Lendo Calligaris em seu maravilhoso livro “Cartas a um jovem terapeuta”, me deparei (até catatônica) com uma afirmação sugerida pela vivência do autor: “o quarto e último traço que gostaria de encontrar no futuro psicoterapeuta é uma boa dose de sofrimento psíquico”. Aos radicais peço calma – ele não quer dizer que num manicômio devemos ver os “loucos” e os “psicoterapeutas” estabelecendo o mesmo comportamento de modo que não nos seja possível estabelecer a distinção. Penso que ele quer dizer que todo profissional deve ter o conhecimento e a vivência do que estuda – e que ao se tratar do humano em sua subjetividade (ou consciência, comportamento, inconsciência, escolha, angústia podem ser tratados como objetivos?) é emergencial que o leque seja amplo. É preciso saber viver com a dor e saber explora-la, e escapa-la, e reencontra-la e vivência-la... “o futuro terapeuta, deve, ele mesmo, ser paciente durante um bom tempo”. E quem procura análise? Pessoas que tem coisas mal resolvidas. Dores que ainda soluçam. Ou engasgam.
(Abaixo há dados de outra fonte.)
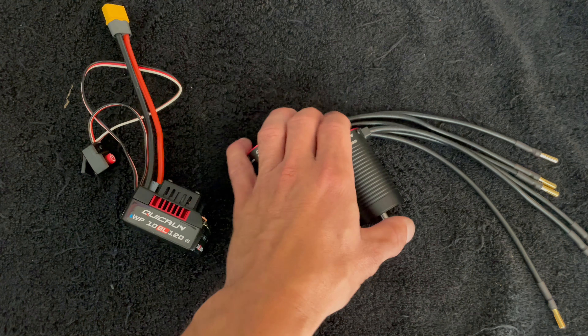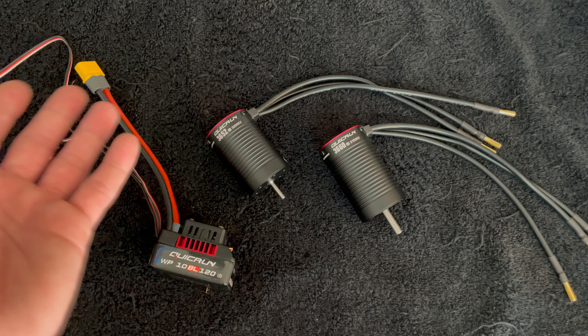There are going to be three different kV options for the 3652 motor. First is 5600 kV for the super go-fast folks. Next is 4000 kV if you're looking at 2S or 3S. Then the 3250 kV is more for full-time 3S use. The 5600 kV is definitely 2S only. I personally prefer the 4000 kV as 2S only too, but it is rated for up to 3S. The 3250 kV is for heavy-duty 3S applications.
Bom, pensando nas minhas dores, considerei especialmente que me orgulho muito de ter conseguido aprender a dirigir (eu sei que para muita gente é banal, mas pra mim foi uma batalha). E de até agora seguir dirigindo. Ainda morro de medo de estacionar e levar o carro de alguém. De cruzar a pista e não ver algum carro. De fazer qualquer barbeiragem – das banais as graves! Tive medo, fazia aula de auto escola chorando, fiz umas 30 horas extras além da auto-escola, consegui tirar a carteira de primeira, papai me deu o carro e eu sai pelas ruas – morrendo de medo, mas enfrentando. Bati num carro estacionando na Perini. Liguei pra papai aos prantos e disse que não queria mais dirigir. Tudo resolvido, tudo certo. A necessidade se fez eminente e lá estava eu dirigindo o carro de volta pra casa. Tempos depois, levando meus avós ao médico, bati o carro com toda a força no fundo de um ônibus. Sacolejei meus velhinhos, afundei o capô...o que fazer? Coloquei-os num táxi, esperei a SET chegar, fiz a ocorrência, respirei fundo e lá fui eu de volta pra casa. Só fui chorar e sofrer depois do carro já estar estacionado na garagem. Foi traumático, foi difícil, deu uma puta vontade de desistir. Mas as vantagens de continuar eram maiores – ainda que o medo de dirigir exista, é melhor ir de carro do que ter que pegar dois ônibus, é melhor poder ir e voltar na hora que eu quiser, não ter que esperar ninguém poder me dar uma carona...e assim, considerando meu ganho, vou escondendo minha perda.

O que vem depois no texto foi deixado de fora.